Некоторые, быть может, возникли даже помимо воли автора – и остались им незамеченными:
~ кишенье жизни, ода од, заросший пру-и-рвуд <т.е. пруд. Здесь обыгрывается
библейское выражение «пру у-рву»: плодитесь и размножайтесь>
~ Очень живо зампотылу представлялся мне в ермолке
~ – Передатчик, глядь, ручник! Трубка одноухая!
~ Комнатушка-развалюха. Без излишеств. Старый стол
Но, конечно, не они делают поэтическую погоду, а другие, сознательно создававшиеся именно как стихи:
~ тебе воздвигну храмы многи и позлащенные Чертоги созижду в честь твоих доброт
~ Сиди и плачь, как Зверь из моря, маши машѝаху вослед, Савельич почернел от горя,
когда так долго сводки нет <машиах = мессия>
~ В третье сладко верится, хоть обед из двух, но ведь in vino veritas и in Vinni Пух
~ Как шестого-то сивана шкуру сняли со Ивана!

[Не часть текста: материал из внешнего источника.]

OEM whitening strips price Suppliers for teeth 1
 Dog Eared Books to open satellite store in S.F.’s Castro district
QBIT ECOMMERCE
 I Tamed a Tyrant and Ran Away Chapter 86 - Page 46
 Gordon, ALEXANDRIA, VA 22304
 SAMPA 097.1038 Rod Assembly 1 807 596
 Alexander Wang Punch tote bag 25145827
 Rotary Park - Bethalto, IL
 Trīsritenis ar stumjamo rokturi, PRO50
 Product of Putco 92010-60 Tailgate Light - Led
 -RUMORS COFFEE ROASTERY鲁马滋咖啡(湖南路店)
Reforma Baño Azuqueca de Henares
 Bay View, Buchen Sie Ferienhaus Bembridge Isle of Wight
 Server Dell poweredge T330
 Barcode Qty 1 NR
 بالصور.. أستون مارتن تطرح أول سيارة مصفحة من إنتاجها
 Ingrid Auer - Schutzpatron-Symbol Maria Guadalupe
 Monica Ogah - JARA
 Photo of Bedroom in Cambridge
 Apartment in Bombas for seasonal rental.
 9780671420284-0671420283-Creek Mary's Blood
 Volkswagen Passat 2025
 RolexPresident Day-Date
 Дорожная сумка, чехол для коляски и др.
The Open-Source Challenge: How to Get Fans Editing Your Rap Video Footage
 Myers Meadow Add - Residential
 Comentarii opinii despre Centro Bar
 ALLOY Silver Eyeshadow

~ Жить бы одноухо, грызть с холста подсолнух, и ни сном, ни духом здесь про там не помнить
Реализм и отказ от него. «Москва златоглавая», при всей своей сказочности и фантастичности, кажется самой реалистической частью «Лестницы». В ней чётко просматривается вполне реалистический сюжет: молодой преподаватель приходит на практику в школу. Имеет беседу с директором, назавтра проводит урок в дружном десятом классе, присутствует на учительском собрании, вместе с классом совершает вылазку за город… «Один день Ильи Борисовича»…
Во второй части описывается выезд героя в Германию и проживание там. Выезд и проживание охватывают целую неделю. Как справиться с таким временны́м интервалом? как его описать? Ну, очевидно, следует «свести задачу к предыдущей» − разбить неделю на дни. То есть – сделать текст дневником. А раз дневник, то – от первого лица. Отсутствие у автора жизненного германского опыта компенсируется резким повышением литературности текста и, так сказать, «появлением письменности», письменных документов. Ибо вторая часть – не просто Дневник, а Дневник из пяти тетрадей, условно соотнесённых с пятью книгами Пятикнижия.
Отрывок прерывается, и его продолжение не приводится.